It’s a mantra in programming that you should strive for simplicity. But often we have to solve complex problems and coming up with a simple solution isn’t always doable or seems to be utterly impossible.

One thing I discovered is that it can help to work with flat data structures. Accessing properties of objects which are nested multiple levels deep can lead to hard to understand code, especially when you have to use loops and find a lot.

Writing simple code is complicated

Often I start with a good feeling about coming up with a solution for a new feature and writing the first tests everything seems to run smoothly. But an hour or two later, I discover edge case after edge case, and my code quickly becomes complicated. I don’t have the right solution for this yet; I have to work on my simplification skills.

State machines everywhere

Both the Full Stack Radio Podcast by Adam Wathan and the Syntax Podcast by Wes Bos and Scott Tolinski had an episode about State Machines with David Khourshid.

The concept sounds pretty interesting. Still, to me, it seems, similar to functional programming, a lot cooler and easier in theory and with simple examples as it turns out to be in real-world applications with all their edge cases.
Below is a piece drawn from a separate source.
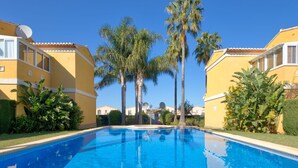 Ein Swimmingpool, umgeben von gelben Gebäuden mit Satellitenschüsseln, Palmen und üppiger Vegetation.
But I haven’t tried them out yet. I’m very intrigued by the concept, and I’ll play around with it over the holidays. Furthermore, I find the possibilities State Machines offer in regards to testing very exciting.

Red, green, refactor in practice

Last week I tried to put more emphasis on the refactor step. It worked well. Not putting too much pressure on myself during the green phase to write clean code makes it easier to come up with a simple solution. During refactoring, you already have a better feeling for where to put abstractions.

I had mixed results with writing tests for the internal API during development but deleting them after the fact. Although I recognize that those tests can be a burden on maintenance over the lifecycle of an app, I can also see how they can be very beneficial when refactoring small parts of the SUT.

Write a failing test before leaving work

It seems counterintuitive at first, but I think it’s a good practice to leave work with a failing test. That way, the next morning, you know where to start.

const vs let

I discovered that there is some debate about the usefulness of const in JavaScript. As I understand it, the main point of criticism is that it’s easy to believe you can make objects immutable by using const, which is not the case.

Jamie Kyle wrote a pretty good overview of the topic, unfortunately with a lot of needless profanity (I don’t get it why some people think they have to use profanity in technical writing, but that’s another topic).

The practice of declaring everything as const if you happen not to redeclare the variable elsewhere and changing const to let as soon as you do want to change the value of a variable, indeed, seems pretty pointless.

Wrapping it up

I learned a few interesting things last week and I’m very excited to start playing around with State Machines. Maybe they are a useful tool for writing simple code.